Saturday I upgraded the big machine at work to Solaris 10 11/06. This did not go well.

First off, I ended up installing onto a disk that held home directories. The install was a manual one, and I'd carefully noted in advance the disk I'd be installing to: the second internal hard drive, the one I'd tried doing the luactivate on a couple weeks ago.

Only the disk targets/names/whatever changed, and so c1t0d1 (say) was now one of the home partitions mounted from the external StorEdge array. Fuck. There were backups: I'd taken a backup before starting the install. Unfortunately, they were taken 3 hours before the install started, and during that time the machine had been up and running. The install started at 8am, so I'm hopeful there wasn't too much lost between 5am and 8am. But don't think I'm trying to minimize that mistake.

Second, I'd also managed to bork the disklabel for the original Solaris 9 install. I dug up the original disklabel somewhere — it wasn't in the documentation we've got, and I should have put it in there a long time ago — and restored everything to the way it was. It hadn't been formatted, so everything was okay.

Third, when it came up only one of the three external drives from the StorEdge was present, and I could not figure out where the others had gone. (It took me a while to figure this out; when first I realized my first mistake, I thought I'd installed over all the home directories. That was an awful moment.)

It took a lot of Googling to figure out what I should have already known about Solaris in general, and what should have been documented about this machine in particular: that /kernel/drv/sd.conf had been modified to add additional entries for LUNs that otherwise Solaris wouldn't have looked for.

(Many thanks to Brandon Hutchinson, whose entry on this very subject saved my butt. I wrote him a grateful email, and I wish him the best.)

(Incidentally, a reconfiguration reboot on a VS480 takes between 10 and 25 minutes. It's not a fast process. Also not a fast process is installing Solaris patches; I spent at least two hours on this all told, not counting reconfiguration reboots.)

I restored the one home directory (having recreated it in ZFS…one bright spot in all that) and mounted the others. All this got me, at 6pm, where I should have been at noon.
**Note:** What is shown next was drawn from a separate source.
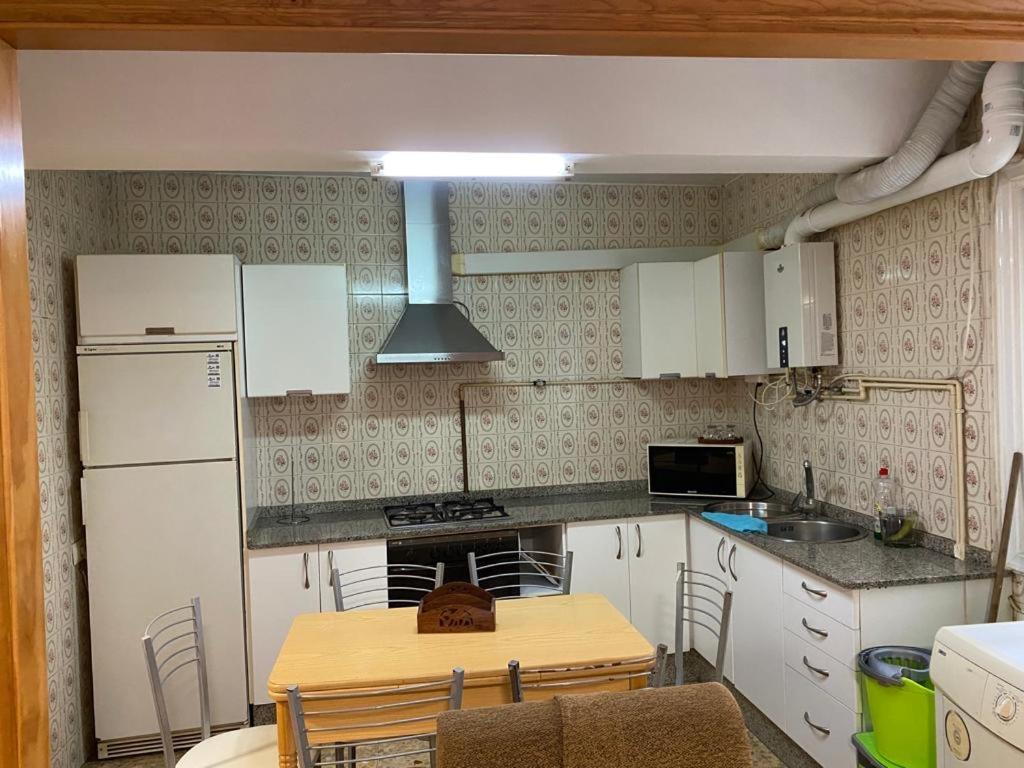 Apartamento Turistico Al Lado De La Ria De Vigo Apartment โมอาญา ภายนอก รูปภาพ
I was there 'til 11:30pm on Saturday fixing things up to the point where it was more or less ready for SSH-based logins. Then I took a cab home. Then I came in yesterday at 10am and got almost everything else working: SunRays (oh, the new desktop is beautiful), printing, software, and I can't even remember what all at this point.

I took lots of notes and did everything from within screen with logging turned on. (Bonus points for next time: set the prompt to show the time, so I can tell what order I did things in.) I'll be going over all of it to do things better next time.

Here's some stuff I already know:

(Incidentally, on that front I owe Blastwave an apology: right on the goddamn HOWTO page there's a section on automation. My mistake. But I still don't like the fact that the remove option (-r) is undocumented, and presumably undocumented because of the warning it prints that it's not very smart and shouldn't be used.)

Sometimes it really amazes me that I get paid to do this work because it's so much fun. And sometimes I'm amazed because I figure I shouldn't be allowed to touch computers with a ten-foot pole.

I'm feeling pretty damned humble this morning. With luck that feeling will stay.